As more people become eligible for Pfizer's COVID-19 booster shot, are there any side effects or risks associated with the next vaccine dose?
Among people who stand to benefit from a booster, there are few risks, the U.S. Centers for Disease Control and Prevention concluded.
Serious side effects from the first two Pfizer doses are exceedingly rare, including heart inflammation that sometimes occurs in younger men. Data from Israel, which has given nearly 3 million people — mostly 60 and older — a third Pfizer dose, has uncovered no red flags.
A small number of people have experienced a severe allergic reaction to the vaccine, like anaphylaxis, which would occur during the 15 to 30 minutes patients wait after the injection.
The CDC has noted that side effects with the third shot "were similar to that of the two-dose series."
Common side effects of the first two doses of the vaccine include:
- Swelling, redness and pain at the injection site
- Muscle pain
The most common symptoms for the booster shot include fatigue and pain at the injection site, but "most symptoms were mild to moderate," officials said.
As with previous doses of the vaccine, the CDC notes that, "serious side effects are rare, but may occur."

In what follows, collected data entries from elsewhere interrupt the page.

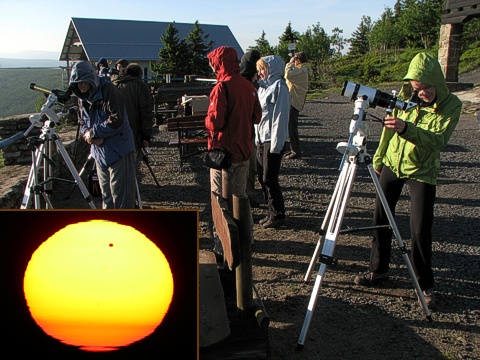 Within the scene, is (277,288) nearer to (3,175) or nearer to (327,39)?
(3,175)

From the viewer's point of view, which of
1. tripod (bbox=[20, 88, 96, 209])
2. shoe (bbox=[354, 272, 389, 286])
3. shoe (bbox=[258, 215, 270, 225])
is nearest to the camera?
shoe (bbox=[354, 272, 389, 286])

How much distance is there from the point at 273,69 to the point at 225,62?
4.44 ft

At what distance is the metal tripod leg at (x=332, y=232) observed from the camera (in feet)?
10.4

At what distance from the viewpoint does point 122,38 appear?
5012 cm

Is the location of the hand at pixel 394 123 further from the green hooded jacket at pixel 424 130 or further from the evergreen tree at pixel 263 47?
the evergreen tree at pixel 263 47

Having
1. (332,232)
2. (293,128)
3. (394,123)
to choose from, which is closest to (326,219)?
(332,232)

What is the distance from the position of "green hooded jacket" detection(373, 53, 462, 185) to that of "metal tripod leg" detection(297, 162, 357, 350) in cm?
47

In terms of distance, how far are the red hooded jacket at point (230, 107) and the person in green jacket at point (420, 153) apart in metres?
1.22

Under the CDC's endorsement, boosters should be offered to people 65 and older, nursing home residents and those ages 50 to 64 who have risky underlying health problems.
The FDA had already authorized booster doses for Americans who are 65 and older, younger adults with underlying health conditions and those in jobs that put them at high risk for COVID-19.
The extra dose would be given once they are at least six months past their last Pfizer shot. Those who received Moderna or Johnson & Johnson vaccines are not yet eligible.